Data and Time Stamps
An important issue to bear in mind when dealing with any analogue or digital device that contain a 'clock', for the production of a 'date and time stamp', is whether the clock's inaccuracy might not disbar evidence when considering the operation of the device and content found stored on/in a device.
McKeown was convicted of drink-driving following a Lion intoximeter breathalyser test. It was found that the date and time stamp was erroneous when compared to the material time of the breath test. On Appeal their Lordships identified that the fact that the date and time stamp was erroneous would not of itself prevent the 'machine' to still carry out an effective breathalyser test (DPP v McKeown  1 WLR 295).

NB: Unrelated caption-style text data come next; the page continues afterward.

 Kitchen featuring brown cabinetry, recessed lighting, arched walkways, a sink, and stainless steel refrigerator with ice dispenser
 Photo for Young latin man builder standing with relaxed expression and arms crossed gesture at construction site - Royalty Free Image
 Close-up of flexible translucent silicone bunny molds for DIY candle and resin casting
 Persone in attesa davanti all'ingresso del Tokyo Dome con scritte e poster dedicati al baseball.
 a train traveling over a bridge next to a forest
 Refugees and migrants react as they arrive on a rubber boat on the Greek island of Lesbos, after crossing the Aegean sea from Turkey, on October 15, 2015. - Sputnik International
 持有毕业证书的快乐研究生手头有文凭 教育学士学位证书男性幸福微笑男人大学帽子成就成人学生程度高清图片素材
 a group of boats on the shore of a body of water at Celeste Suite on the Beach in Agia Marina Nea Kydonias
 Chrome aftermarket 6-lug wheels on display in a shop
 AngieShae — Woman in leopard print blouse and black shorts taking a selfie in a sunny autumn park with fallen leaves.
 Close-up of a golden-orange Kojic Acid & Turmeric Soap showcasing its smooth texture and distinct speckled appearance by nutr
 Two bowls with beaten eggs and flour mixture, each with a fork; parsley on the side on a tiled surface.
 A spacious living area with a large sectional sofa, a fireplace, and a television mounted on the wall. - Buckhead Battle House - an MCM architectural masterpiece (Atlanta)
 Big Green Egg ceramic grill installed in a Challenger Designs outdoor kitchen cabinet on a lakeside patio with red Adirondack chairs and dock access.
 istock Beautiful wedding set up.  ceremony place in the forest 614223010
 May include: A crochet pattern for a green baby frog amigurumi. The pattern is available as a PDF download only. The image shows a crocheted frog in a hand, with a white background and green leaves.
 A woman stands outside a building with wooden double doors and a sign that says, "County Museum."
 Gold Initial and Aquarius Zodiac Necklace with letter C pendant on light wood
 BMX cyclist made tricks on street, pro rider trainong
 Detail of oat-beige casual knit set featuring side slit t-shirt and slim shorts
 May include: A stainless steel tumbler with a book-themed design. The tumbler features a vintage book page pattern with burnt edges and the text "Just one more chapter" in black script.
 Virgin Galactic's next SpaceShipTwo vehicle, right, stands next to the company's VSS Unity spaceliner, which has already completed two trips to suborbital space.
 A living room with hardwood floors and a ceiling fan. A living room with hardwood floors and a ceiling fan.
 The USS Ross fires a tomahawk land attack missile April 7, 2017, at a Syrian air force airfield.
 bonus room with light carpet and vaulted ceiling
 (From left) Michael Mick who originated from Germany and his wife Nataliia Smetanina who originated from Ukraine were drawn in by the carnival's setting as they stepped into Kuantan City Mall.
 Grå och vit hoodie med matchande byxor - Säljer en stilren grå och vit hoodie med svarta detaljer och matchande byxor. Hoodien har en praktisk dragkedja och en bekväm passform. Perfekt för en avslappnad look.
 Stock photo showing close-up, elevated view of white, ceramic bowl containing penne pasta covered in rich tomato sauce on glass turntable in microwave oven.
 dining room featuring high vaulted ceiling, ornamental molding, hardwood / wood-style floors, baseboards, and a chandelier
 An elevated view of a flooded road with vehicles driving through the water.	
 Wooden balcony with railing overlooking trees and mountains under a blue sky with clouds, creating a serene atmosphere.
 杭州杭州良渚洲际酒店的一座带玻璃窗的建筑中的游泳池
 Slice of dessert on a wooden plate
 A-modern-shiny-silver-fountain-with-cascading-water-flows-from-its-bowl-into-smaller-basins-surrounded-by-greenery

Such cases provide useful material to research whether:
1) The ruling, could it be applicable to mobile/smartphones to carry out an effective process or recording where the clock is inaccurate?
2) What impact that might have regarding the admissibility of the content in files stored/residing on mobile/smartphones (or indeed tablets etc) could still be seen as unaffected due to an erroneous clock?
3) Could a clock's inaccurate date and time stamp allow content to be altered or amended before being presented for admissibility?
There are many layers of investigation involved in each of the narratives above, and there are other questions that haven't been raised. Some food for thought, yes, but also a reminder that extracting and harvesting data from a digital device is only a fraction of the work involved when dealing with mobile telephone evidence.